Ensure you have mozilla-central checked out. If this is the first time you are doing this, it may take some time.

git checkout central/default

If you are on a mac, you will need to have the Xcode build tools installed. You can do this by either installing Xcode or installing only the tools from the command line by running xcode-select –install and following the on screen instructions.

I had to install the entire Xcode suite and after that also defined the Xcode path

sudo xcode-select  --switch /Applications/Xcode.app

Use the –no-interactive argument to automatically accept any license agreements.
In my case the option -no-interactive was not working properly so I did

./mach bootstrap

I replied yes to everything except to build the system telemetry

At the end I created a mozconfig file and paste the following content into it

#Build GeckoView/Firefox for Android:
ac_add_options --enable-application=mobile/android
#Targeting the following architecture.
#For regular phones, no --target is needed.
#For x86 emulators (and x86 devices, which are uncommon):
#ac_add_options --target=i686
#For newer phones.
#ac_add_options --target=aarch64
#For x86_64 emulators (and x86_64 devices, which are even less common):
ac_add_options --target=x86_64

As you can see from the mozconfig file I enabled the aarch64

Now it’s time to configure your build.

./mach configure

I got an error:

The target may be unsupported, or you may not have
0:08.33 a rust std library for that target installed. Try:
0:08.33 rustup target add aarch64-linux-android

First of all need to install rustup

curl --proto '=https' --tlsv1.2 -sSf https://sh.rustup.rs | sh

And after that to configure the current shell to use rustup

source $HOME/.cargo/env

Finally I can do

rustup target add aarch64-linux-android

and then

./mach build

And now let’s go for a run … 😉

Finally after that, if everything went well, we can run

./mach package 

Congrats you’ve successfully built GeckoView!!

And for Android Studio?

Pretty easy, just open AS and disable the Instant Run (from the preferences), This is because Fennec and the Geckoview Example app cannot deploy with Instant Run on.

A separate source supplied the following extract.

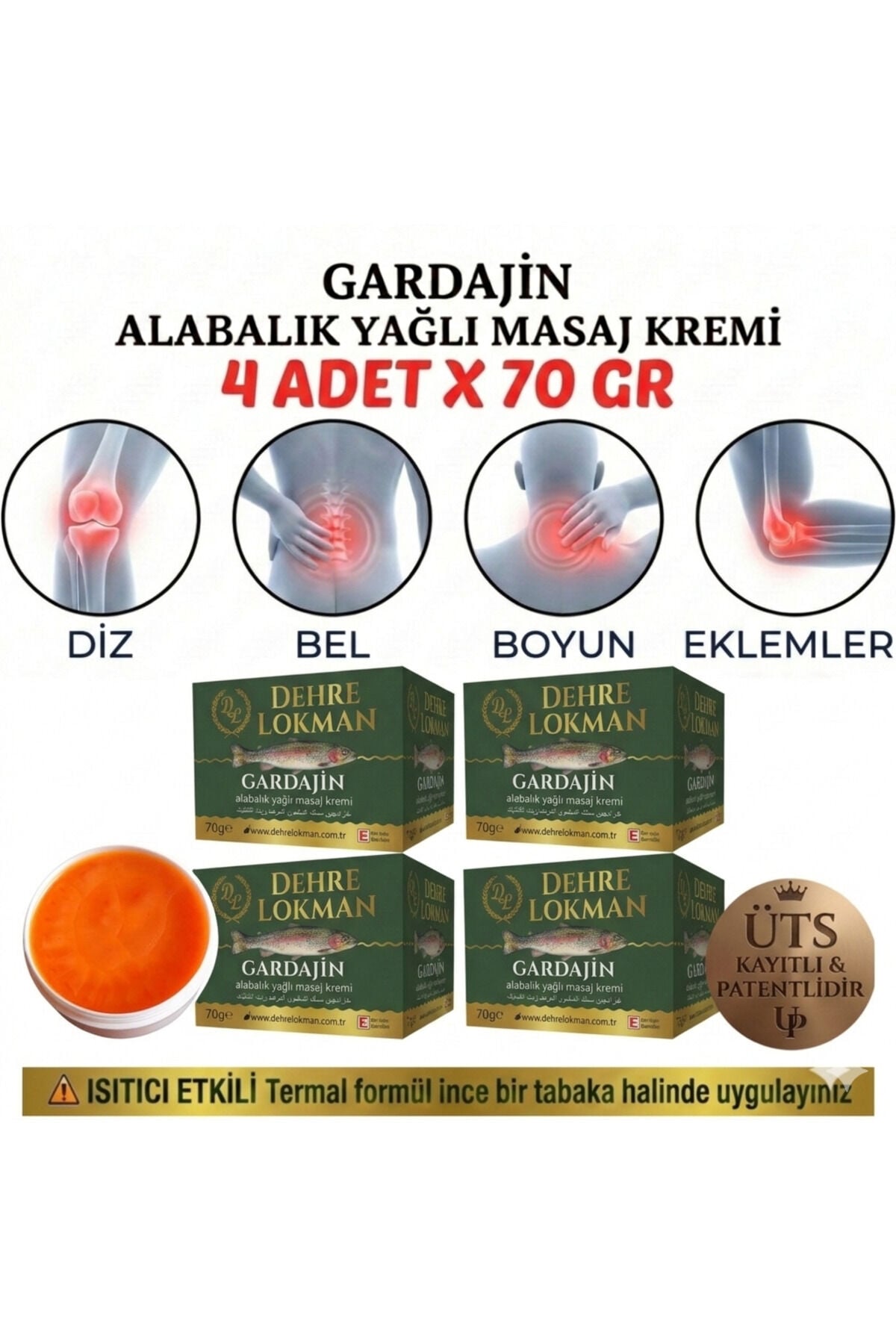 Alabalık Yağlı Gardajin New Lüx Masaj Krem 70 gr 4 Ad. Diz,Bel,Boyun ve Eklemler İçin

Uncheck the box that reads Enable Instant Run to hot swap code/resource changes on deploy.

Now select Open and pick the root directory that contains the gecko files (the initial folder named gecko)

Wait for the project to index and gradle to sync. Once synced, the workspace will reconfigure to display the different projects.

  • annotations contains custom annotations used inside GeckoView and Fennec.
  • app is Fennec – Firefox for Android. Here is where you will find code specific to that app.
  • geckoview is the GeckoView project. Here is all the Java files related to GeckoView
  • geckoview_example is an example browser built using GeckoView.
  • omnijar contains the parts of Gecko and GeckoView that are not written in Java or Kotlin
  • thirdparty contains third party code that Fennec and GeckoView use.

And now you’re ready to get your hands dirty!!